🤖 AI Summary
Traditional rule-based methods for HVAC anomaly detection suffer from poor adaptability, while deep learning models lack interpretability and physical consistency; existing LLM-based approaches neglect thermodynamic constraints. Method: This paper proposes a physics-guided LLM-evolution co-design framework. It introduces thermodynamics- and control-theory-informed reflection and crossover operators, enabling the LLM to autonomously generate, evaluate, and iteratively refine interpretable, physically consistent detection rules. A closed-loop optimization system integrates physics-informed modeling, rule-based reasoning, and evolutionary search.

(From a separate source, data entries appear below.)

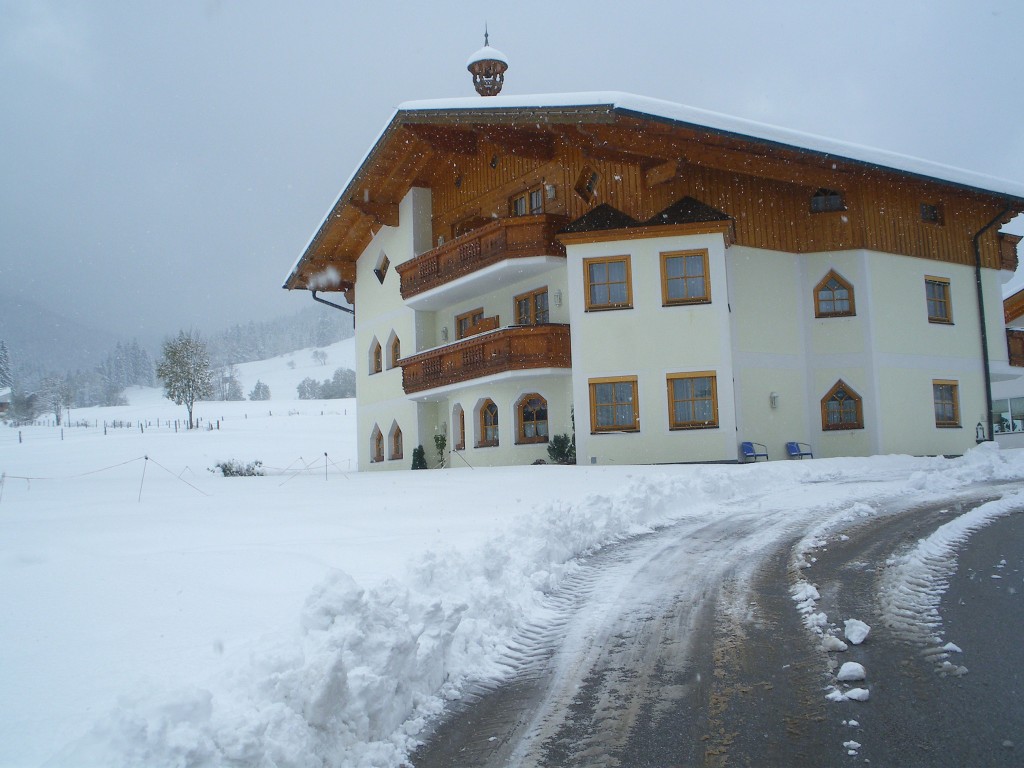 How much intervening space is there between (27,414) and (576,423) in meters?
93.1

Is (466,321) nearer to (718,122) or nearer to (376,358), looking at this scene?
(376,358)

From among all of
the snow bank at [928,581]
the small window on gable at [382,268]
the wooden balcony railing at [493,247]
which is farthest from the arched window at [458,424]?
the snow bank at [928,581]

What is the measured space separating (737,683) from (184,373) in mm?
79670

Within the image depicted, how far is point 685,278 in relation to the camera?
2036 centimetres

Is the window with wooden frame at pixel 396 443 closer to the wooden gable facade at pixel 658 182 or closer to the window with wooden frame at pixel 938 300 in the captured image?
the wooden gable facade at pixel 658 182

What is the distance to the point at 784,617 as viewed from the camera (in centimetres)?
580

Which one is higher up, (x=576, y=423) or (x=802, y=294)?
(x=802, y=294)

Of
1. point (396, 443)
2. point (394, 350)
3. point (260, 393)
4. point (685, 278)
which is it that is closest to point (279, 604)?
point (685, 278)

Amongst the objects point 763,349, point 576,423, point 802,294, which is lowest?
point 576,423

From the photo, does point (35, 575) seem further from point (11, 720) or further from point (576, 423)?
point (576, 423)

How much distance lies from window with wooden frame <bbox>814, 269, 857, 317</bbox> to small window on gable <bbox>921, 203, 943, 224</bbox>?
3.64 meters

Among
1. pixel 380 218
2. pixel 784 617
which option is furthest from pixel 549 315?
pixel 784 617

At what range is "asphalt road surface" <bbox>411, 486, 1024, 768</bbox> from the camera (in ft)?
12.3

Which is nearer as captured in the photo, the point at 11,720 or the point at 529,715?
the point at 11,720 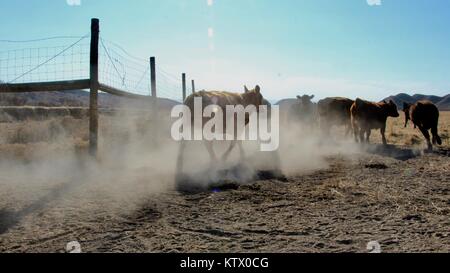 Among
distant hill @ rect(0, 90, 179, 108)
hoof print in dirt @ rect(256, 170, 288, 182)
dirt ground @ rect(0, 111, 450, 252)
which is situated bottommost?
dirt ground @ rect(0, 111, 450, 252)

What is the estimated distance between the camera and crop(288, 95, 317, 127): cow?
745 inches

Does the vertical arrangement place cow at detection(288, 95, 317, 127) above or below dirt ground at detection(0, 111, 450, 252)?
above

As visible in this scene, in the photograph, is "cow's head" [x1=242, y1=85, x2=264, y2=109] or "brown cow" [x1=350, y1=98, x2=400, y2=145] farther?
"brown cow" [x1=350, y1=98, x2=400, y2=145]

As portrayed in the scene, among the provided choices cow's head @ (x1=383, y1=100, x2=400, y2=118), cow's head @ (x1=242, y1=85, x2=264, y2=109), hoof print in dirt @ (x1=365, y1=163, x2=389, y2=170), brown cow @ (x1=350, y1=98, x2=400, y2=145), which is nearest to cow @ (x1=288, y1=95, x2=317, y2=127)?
brown cow @ (x1=350, y1=98, x2=400, y2=145)

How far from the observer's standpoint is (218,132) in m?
9.50

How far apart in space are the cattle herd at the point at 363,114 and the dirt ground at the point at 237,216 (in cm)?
685

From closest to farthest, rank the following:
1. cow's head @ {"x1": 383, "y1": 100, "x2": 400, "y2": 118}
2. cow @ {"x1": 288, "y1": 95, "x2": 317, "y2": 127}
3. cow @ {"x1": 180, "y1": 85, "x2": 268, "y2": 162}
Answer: cow @ {"x1": 180, "y1": 85, "x2": 268, "y2": 162}
cow's head @ {"x1": 383, "y1": 100, "x2": 400, "y2": 118}
cow @ {"x1": 288, "y1": 95, "x2": 317, "y2": 127}

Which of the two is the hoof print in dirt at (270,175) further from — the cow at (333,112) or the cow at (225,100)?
the cow at (333,112)

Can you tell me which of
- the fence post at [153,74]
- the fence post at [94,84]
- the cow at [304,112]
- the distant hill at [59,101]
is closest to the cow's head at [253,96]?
the fence post at [153,74]

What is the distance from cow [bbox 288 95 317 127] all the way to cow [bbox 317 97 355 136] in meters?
0.50

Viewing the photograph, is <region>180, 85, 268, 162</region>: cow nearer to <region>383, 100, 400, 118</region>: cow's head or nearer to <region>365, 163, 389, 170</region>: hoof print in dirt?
<region>365, 163, 389, 170</region>: hoof print in dirt

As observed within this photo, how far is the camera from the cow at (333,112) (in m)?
18.3

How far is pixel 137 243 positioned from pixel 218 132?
5.67 meters

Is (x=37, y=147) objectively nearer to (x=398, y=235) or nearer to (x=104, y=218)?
(x=104, y=218) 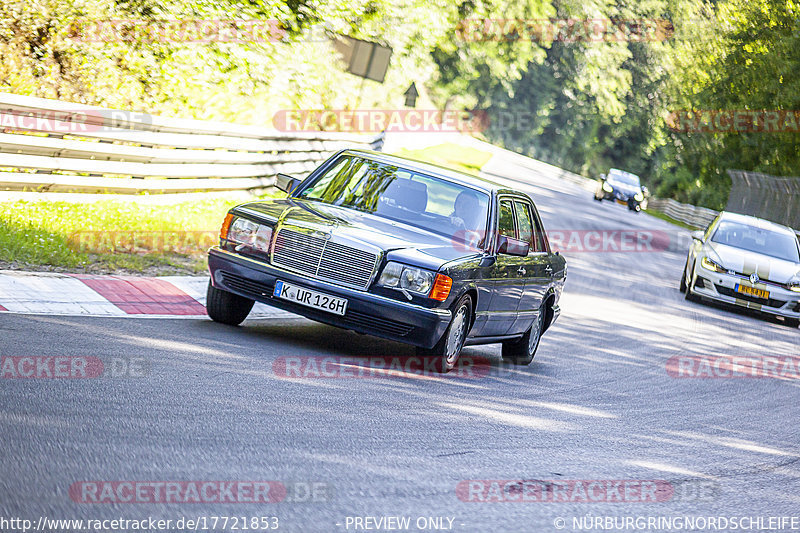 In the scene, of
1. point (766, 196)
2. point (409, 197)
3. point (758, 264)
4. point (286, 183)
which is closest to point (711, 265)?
point (758, 264)

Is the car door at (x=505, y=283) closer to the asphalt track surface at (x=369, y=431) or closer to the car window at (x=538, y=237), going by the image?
the asphalt track surface at (x=369, y=431)

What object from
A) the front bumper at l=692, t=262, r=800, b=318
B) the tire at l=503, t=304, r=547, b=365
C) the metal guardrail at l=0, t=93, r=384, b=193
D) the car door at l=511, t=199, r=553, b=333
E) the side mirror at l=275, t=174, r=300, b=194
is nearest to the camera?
the side mirror at l=275, t=174, r=300, b=194

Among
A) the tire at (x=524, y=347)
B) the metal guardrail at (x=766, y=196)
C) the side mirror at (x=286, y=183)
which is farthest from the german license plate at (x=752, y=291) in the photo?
the metal guardrail at (x=766, y=196)

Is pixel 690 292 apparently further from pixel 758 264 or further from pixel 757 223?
pixel 757 223

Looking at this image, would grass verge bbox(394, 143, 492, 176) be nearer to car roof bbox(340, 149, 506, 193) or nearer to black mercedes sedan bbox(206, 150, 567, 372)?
car roof bbox(340, 149, 506, 193)

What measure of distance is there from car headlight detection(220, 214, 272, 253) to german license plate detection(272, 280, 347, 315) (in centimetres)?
36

Contribution/Results: The framework achieves state-of-the-art detection performance on public benchmarks, producing high-confidence, production-ready diagnostic rules. It significantly enhances transparency, energy efficiency, and reliability of AI-driven building management systems.
📝 Abstract
Heating, Ventilation, and Air-Conditioning (HVAC) systems account for a substantial share of global building energy use, making reliable anomaly detection essential for improving efficiency and reducing emissions. Classical rule-based approaches offer explainability but lack adaptability, while deep learning methods provide predictive power at the cost of transparency, efficiency, and physical plausibility. Recent attempts to use Large Language Models (LLMs) for anomaly detection improve interpretability but largely ignore the physical principles that govern HVAC operations. We present PILLM, a Physics-Informed LLM framework that operates within an evolutionary loop to automatically generate, evaluate, and refine anomaly detection rules. Our approach introduces physics-informed reflection and crossover operators that embed thermodynamic and control-theoretic constraints, enabling rules that are both adaptive and physically grounded. Experiments on the public Building Fault Detection dataset show that PILLM achieves state-of-the-art performance while producing diagnostic rules that are interpretable and actionable, advancing trustworthy and deployable AI for smart building systems.